They say that a sealed combustion chamber on a unit heater (uses outside air for the fire) makes them overall more efficient due to not pulling cold air in thru the cracks and openings in the (less than tight) building, AND sucking heated room air out thru the burner.
Someone made the comment that the outside air is that much colder than inside air, so that itself would use more gas and lower efficiency.....and make it a wash.
Also, sealed combustion units are almost 2x the price of standard ones that use inside air. But if really more efficient, would pay for the added cost over ? years...
What say ye?
02-27-2008, 01:05 AM #2
I don't know who told you that. Combustion efficiency is not increased with outside air. some newer units are more efficient BY DESIGN, and they also have been designed for outside combustion air. The two are not dependent.
Here's the thing about outside air in a shop
In places like beauty shops, laundries, photo development and print shops, body shops and "just plain shops" The chemicals and solvents in the air in the shop are drafted up into the combustion chamber, reacting with the flame, which creates a VERY corrosive chemical, and causes rapid deterioration of the heat exchanger. If you have an A/C coil in the mix, that also is a factor for the same reason, except in summer, the A/C coil deteriorates because of the condensate laden with products that were in the air.
Frankly, because of the very nature of many shop installations using unit heaters, I would not worry much about a few points in efficiency. Newer units, which tend to be "forced draft" can solve a bunch of venting problems. I've seen many installations, such as a welding hood, that caused draft--or I should say, "no" draft--conditions in these. Some of the Modines we fought in one industial plant had "spill" safety switches up in the uppermost part of the unit--designed to trip and drop out if the vent spilled. Because of other hi-volume venting devices in the plant, these were constantly tripping. Bear in mind, these were "natural draft" or so called "atmospheric burners." No draft motors
Sealed combustion units solve that kind of issue.
02-27-2008, 01:49 AM #3
440.......you are not thinking about this on all 8 cylinders.
We may have to change your handle to 225SLANT6 or some such.
You do not address my questions in your reply, you ramble specifications.
Combustion efficiency is not increased with outside air
Fact remains that
1. IF your NOT pulling heated room air thru the burner and out the vent......that's saving heated room air. A great thing!
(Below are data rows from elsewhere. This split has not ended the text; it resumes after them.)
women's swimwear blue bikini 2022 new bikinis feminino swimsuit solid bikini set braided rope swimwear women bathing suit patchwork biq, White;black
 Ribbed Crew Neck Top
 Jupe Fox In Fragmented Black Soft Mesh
2. If you're not pulling heated room air out the vent, you're not pulling cold outside air in thru the cracks, under doors, etc, etc....
Think about that.
Is it somehow possible that those characteristics could increase OVERALL efficiency .......by DESIGN?
Think out of the box and beyond the installation manual here.
3. I am not trying to solve "no draft" (commonly called negative pressure) problems in my shop. But thank you for those details in case it comes up.
02-27-2008, 02:33 AM #4
One of the big factors contributing to wasting heat with a natural draft unit heater is the fact that it'll keep right on acting as a chimney and sucking heated air out of the space even while its not running. Obviously the building can't be pulled into a vacuum, so every bit of that warm air that goes up the flue is replaced by outside air pulled in around doors or at any other cracks.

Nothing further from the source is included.